------ GIVEN DATA
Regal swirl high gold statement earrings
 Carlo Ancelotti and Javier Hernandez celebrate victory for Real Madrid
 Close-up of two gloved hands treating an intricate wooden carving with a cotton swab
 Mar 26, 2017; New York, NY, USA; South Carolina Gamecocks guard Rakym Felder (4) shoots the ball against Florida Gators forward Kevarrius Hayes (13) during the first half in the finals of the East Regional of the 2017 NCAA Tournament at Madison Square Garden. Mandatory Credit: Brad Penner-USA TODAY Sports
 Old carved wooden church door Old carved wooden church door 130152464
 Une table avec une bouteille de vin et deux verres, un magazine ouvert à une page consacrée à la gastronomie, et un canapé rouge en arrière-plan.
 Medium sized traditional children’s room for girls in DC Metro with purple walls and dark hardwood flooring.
------------
WHAT THE TASK ASKS
Please output the exact lines of the records above, beginning with the first and stopping after the line that holds "Une table avec", and nothing else.

SOLUTION
Regal swirl high gold statement earrings
 Carlo Ancelotti and Javier Hernandez celebrate victory for Real Madrid
 Close-up of two gloved hands treating an intricate wooden carving with a cotton swab
 Mar 26, 2017; New York, NY, USA; South Carolina Gamecocks guard Rakym Felder (4) shoots the ball against Florida Gators forward Kevarrius Hayes (13) during the first half in the finals of the East Regional of the 2017 NCAA Tournament at Madison Square Garden. Mandatory Credit: Brad Penner-USA TODAY Sports
 Old carved wooden church door Old carved wooden church door 130152464
 Une table avec une bouteille de vin et deux verres, un magazine ouvert à une page consacrée à la gastronomie, et un canapé rouge en arrière-plan.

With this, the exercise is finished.